** Work request **
Taking the line with "Virgo राशिफल: कन्या" as the first, copy every line through the end of the records below exactly. Do not include pictures.

BEGIN Record extracts

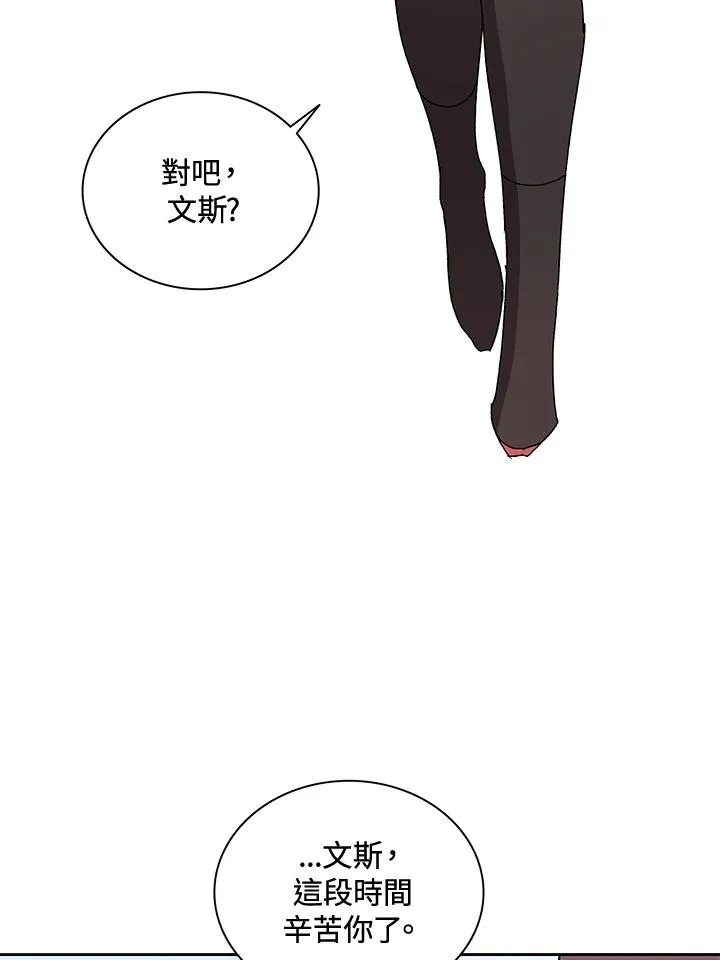第45话 第51页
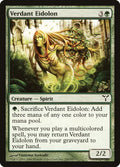 Verdant Eidolon 100/180 (Dissension) 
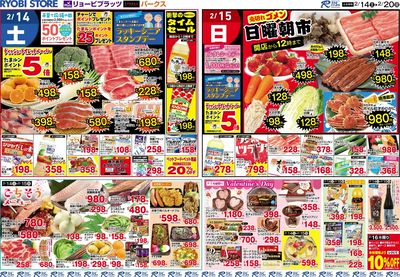 2月14日~2月20日チラシ:おもて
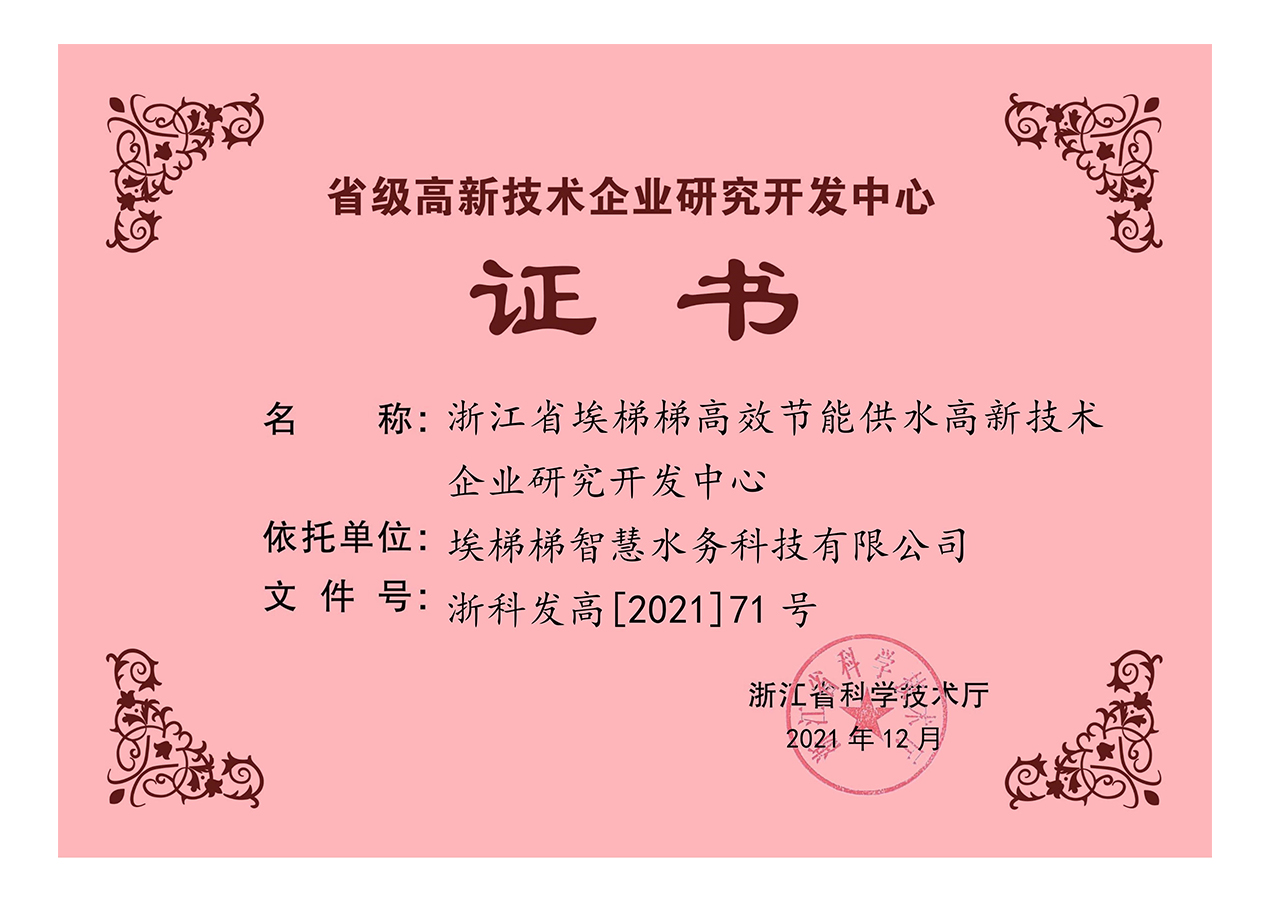 国家高新企业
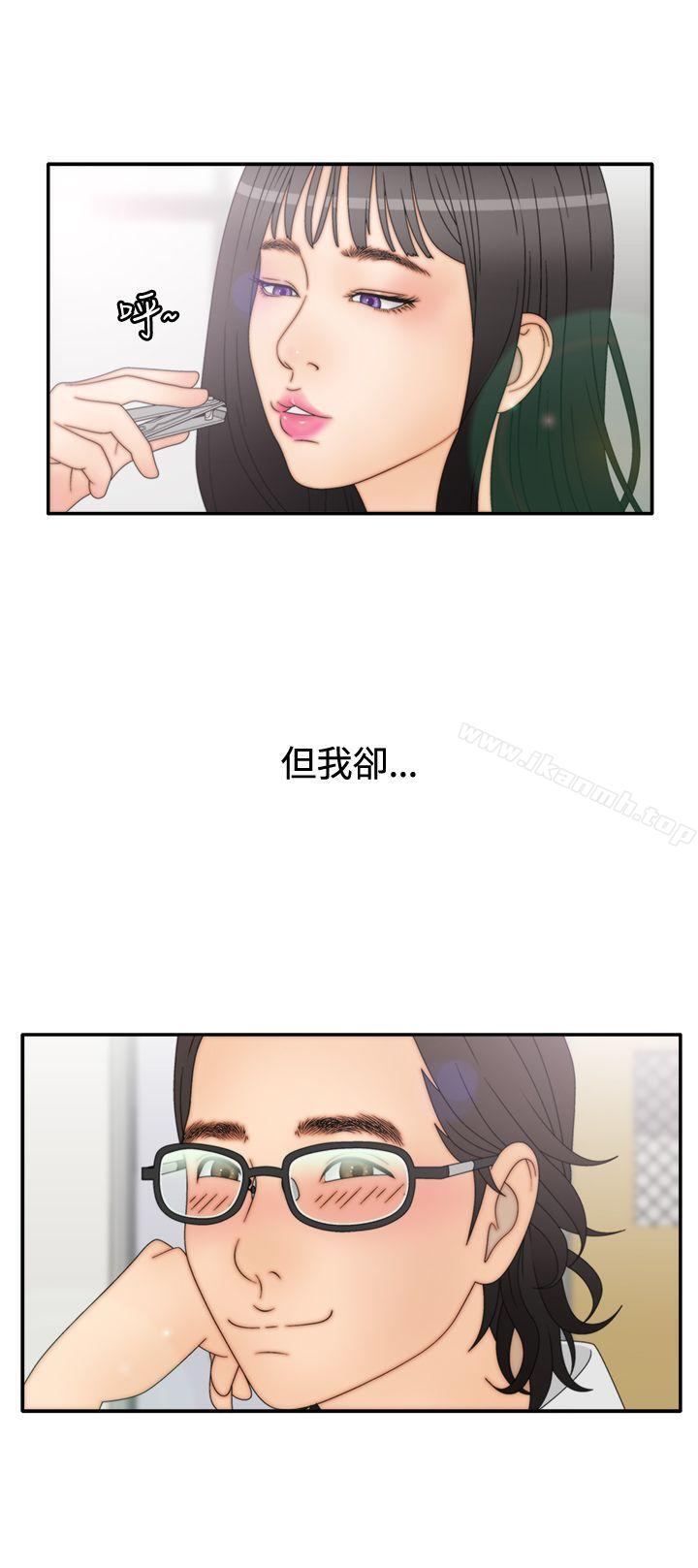 WhiteGirl(完結)，第2季第6話，第 21 页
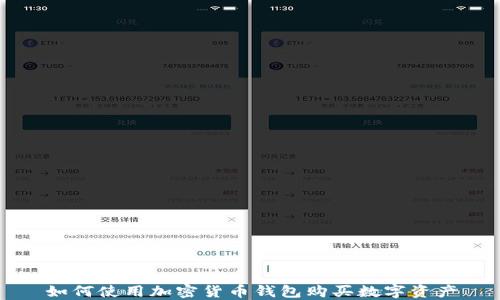 如何使用加密货币钱包购买数字资产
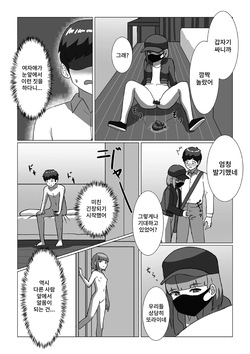 [Koizumike-] kagayaki no uragawa page 5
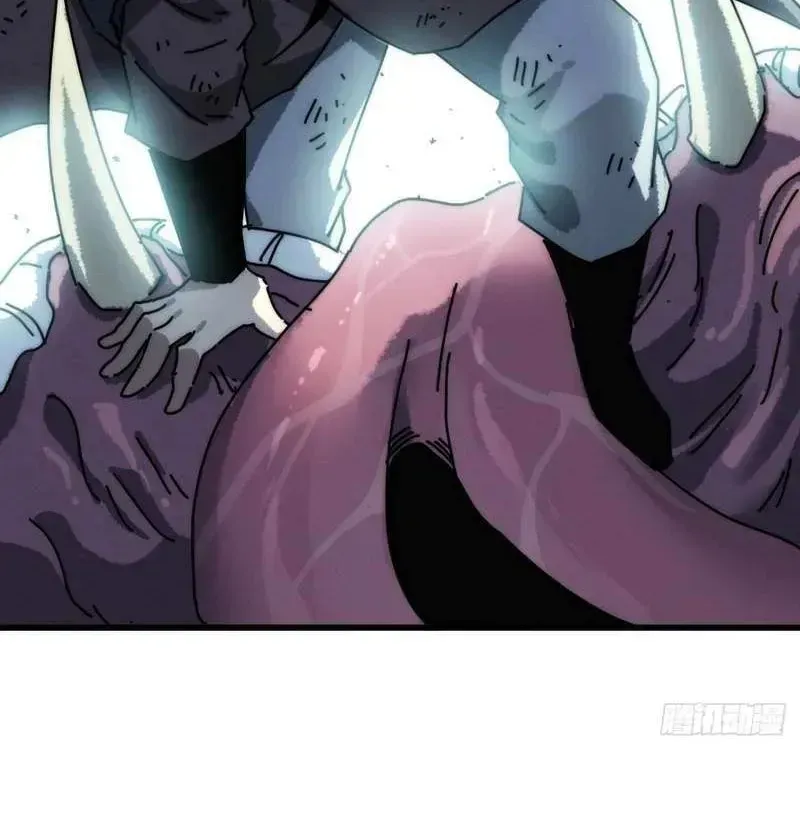 Read My Virtual Immortal Path chapter 32 image 31 on Lezhin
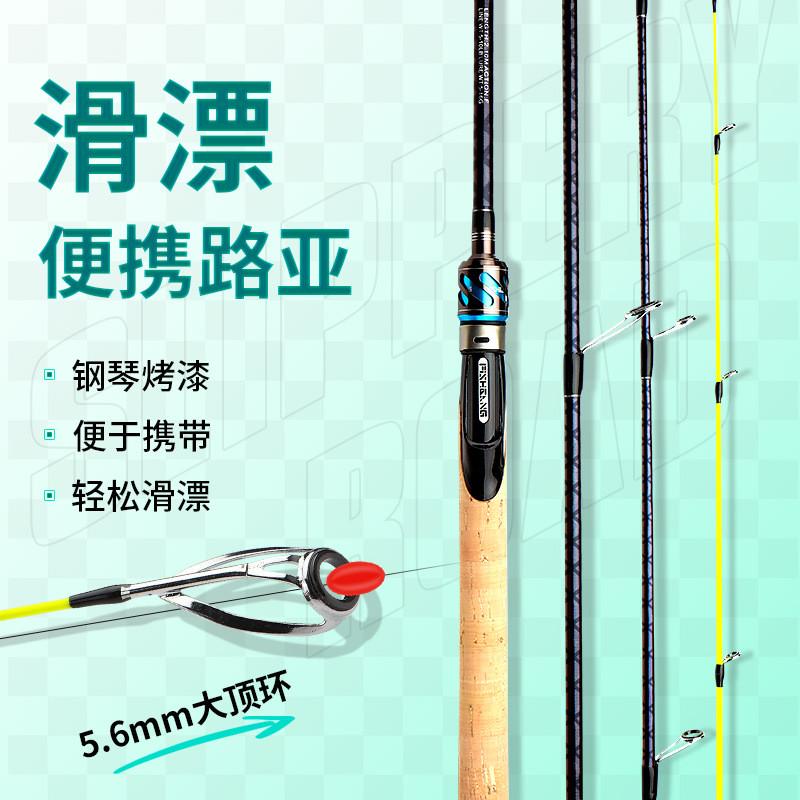 5.6MM大口径路滑杆碳素路亚滑漂竿直柄L快调四节便携路滑竿钓鱼竿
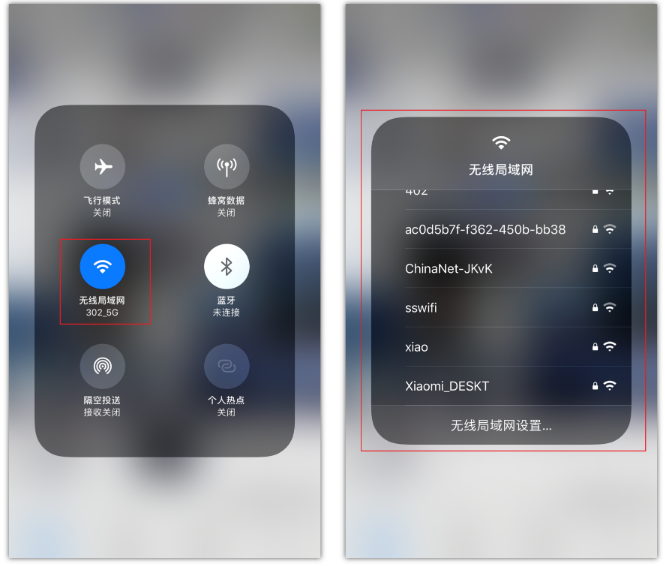 高坪苹果手机维修分享苹果iPhone12如何自动切换WiFi 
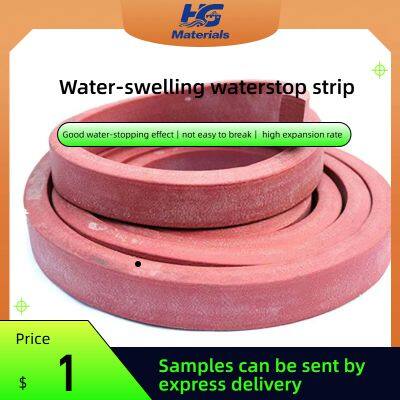 Water-swelling waterstop strip, rubber waterstop strip for bridge engineering, sealing putty-type tunnel and culvert waterstop strip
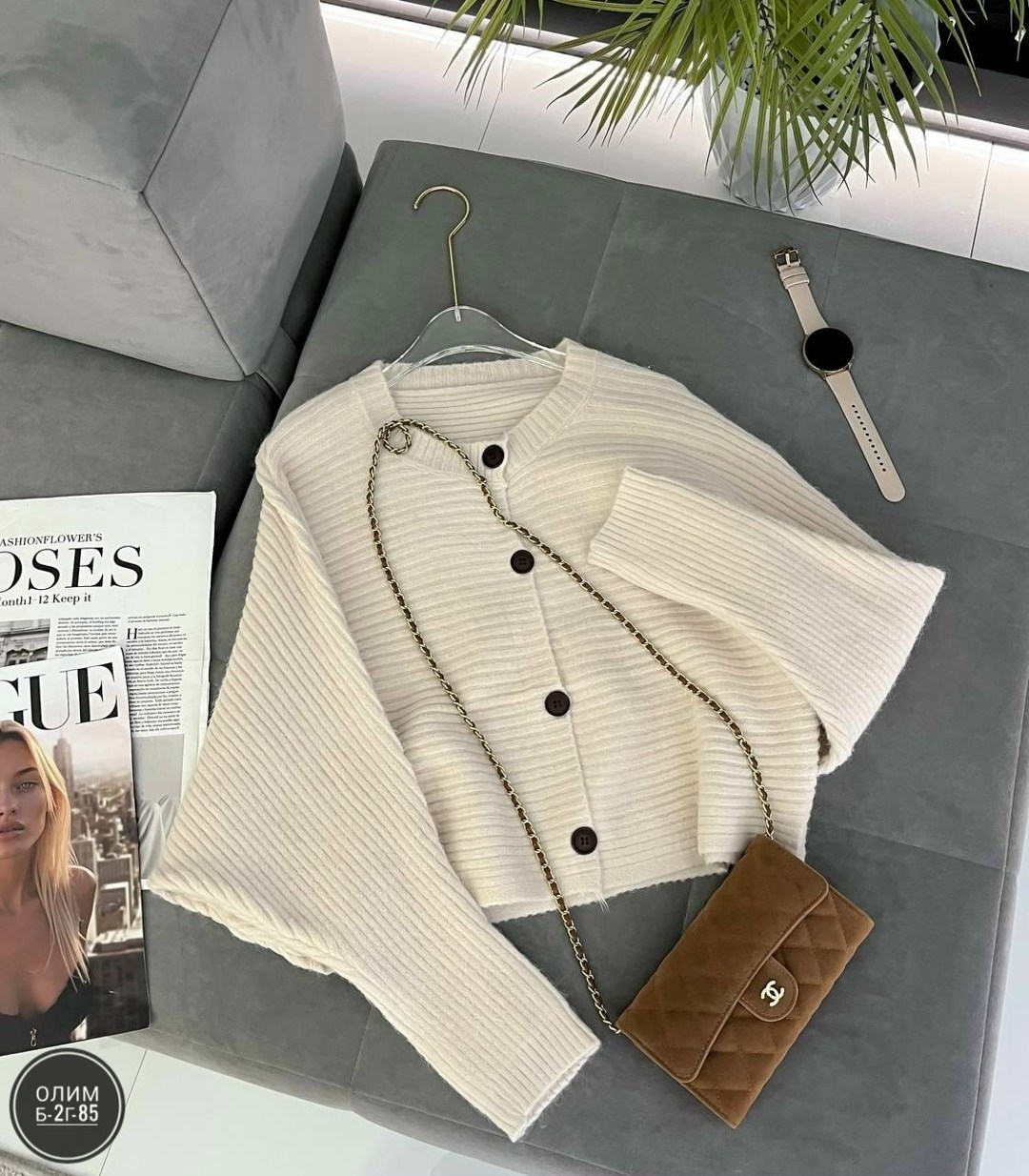 кардиган кофта,модные кофты,женская кофта,кардиган,кофта женская модная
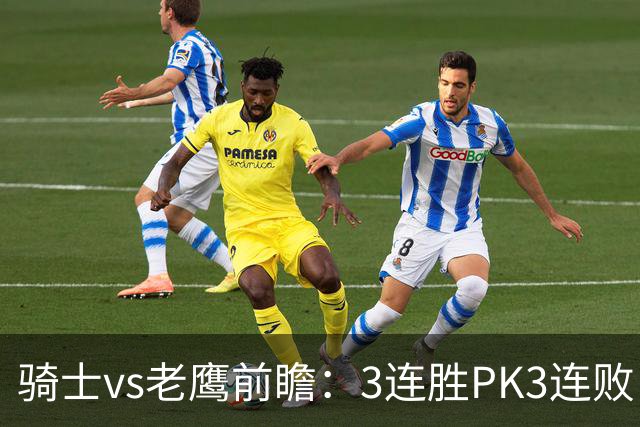 骑士vs老鹰前瞻：3连胜PK3连败，骑士内线双煞欲凿穿老鹰禁区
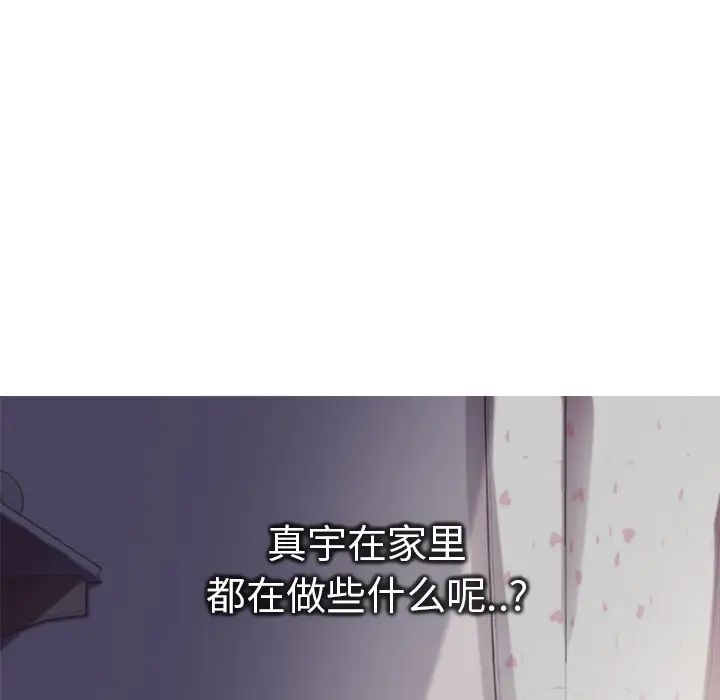 继母第20话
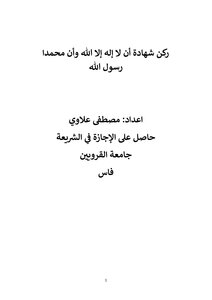 مؤلف ركن شهادة أن لا إله إلا الله وأن محمدا رسول الله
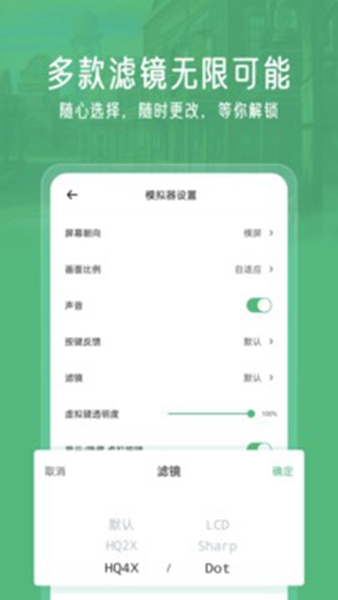 小马游戏模拟器2022最新版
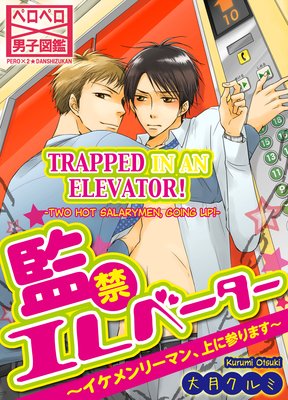 TRAPPED IN AN ELEVATOR! -TWO HOT SALARYMEN, GOING UP!- (6)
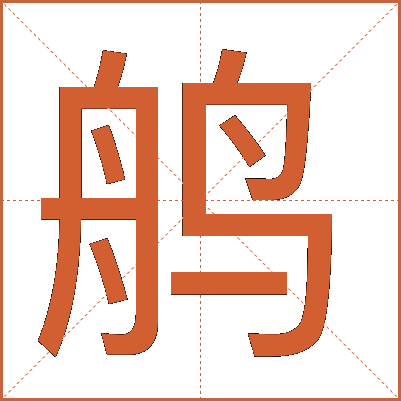 鸼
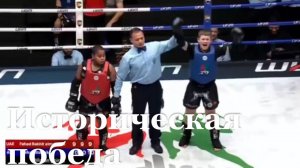 Ровенковский боец завоевал золото на чемпионате мира по муай-тай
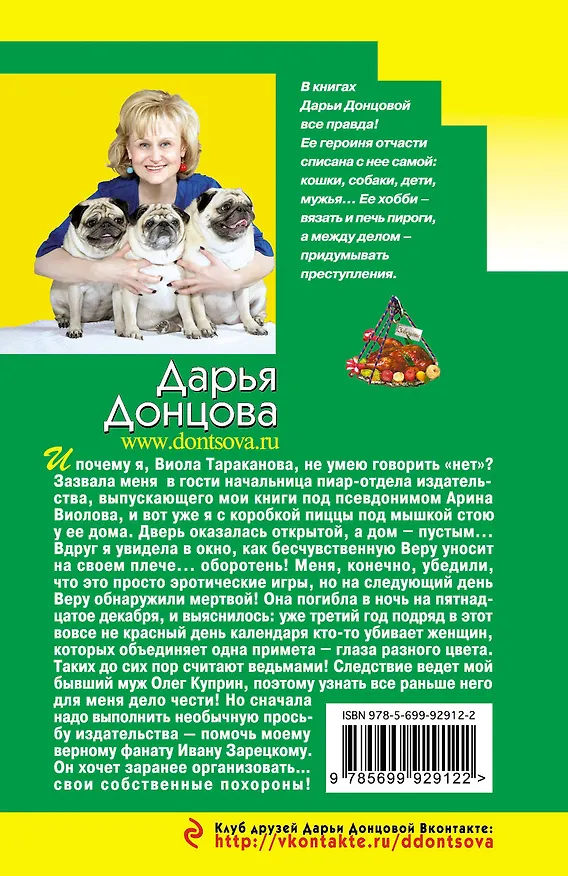 Книга Завещание рождественской утки (Дарья Донцова) — 2
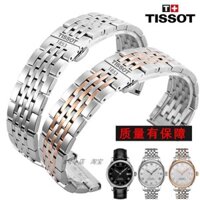 Dây đeo đồng hồ Tissot 1853 Leroc T41 Dây thép T006 Hengyi Sao biển Junya Vòng tay bằng thép không gỉ Nam 19mm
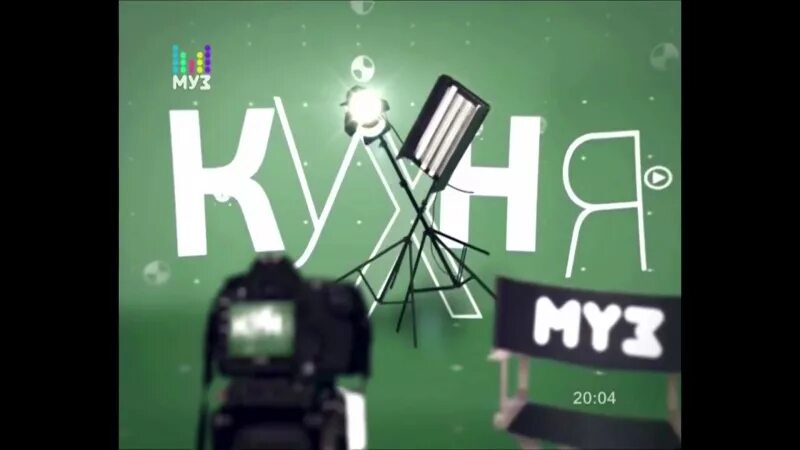Кухня муз тв. Кухня муз-тв 2003. смоленщина кухня музтв.
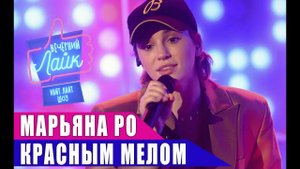 МАРЬЯНА РО - Красным мелом | Шоу Вечерний Лайк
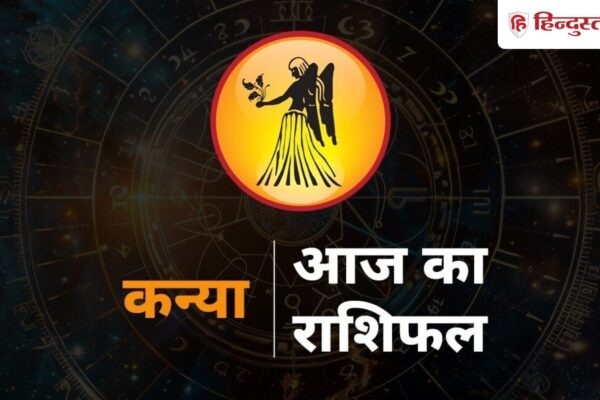 Virgo राशिफल: कन्या राशि वाले प्रोफेशनल मौकों का उठाएं फायदा, लव लाइफ में बनाएं संतुलन – 6 अक्टूबर 2025 की भविष्यवाणियाँ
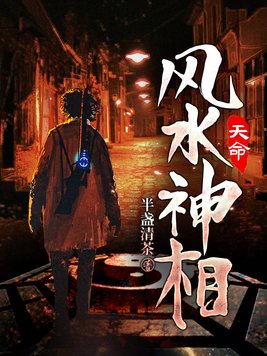 天命风水神相TXT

END Record extracts

** The completed task **
 Virgo राशिफल: कन्या राशि वाले प्रोफेशनल मौकों का उठाएं फायदा, लव लाइफ में बनाएं संतुलन – 6 अक्टूबर 2025 की भविष्यवाणियाँ
 天命风水神相TXT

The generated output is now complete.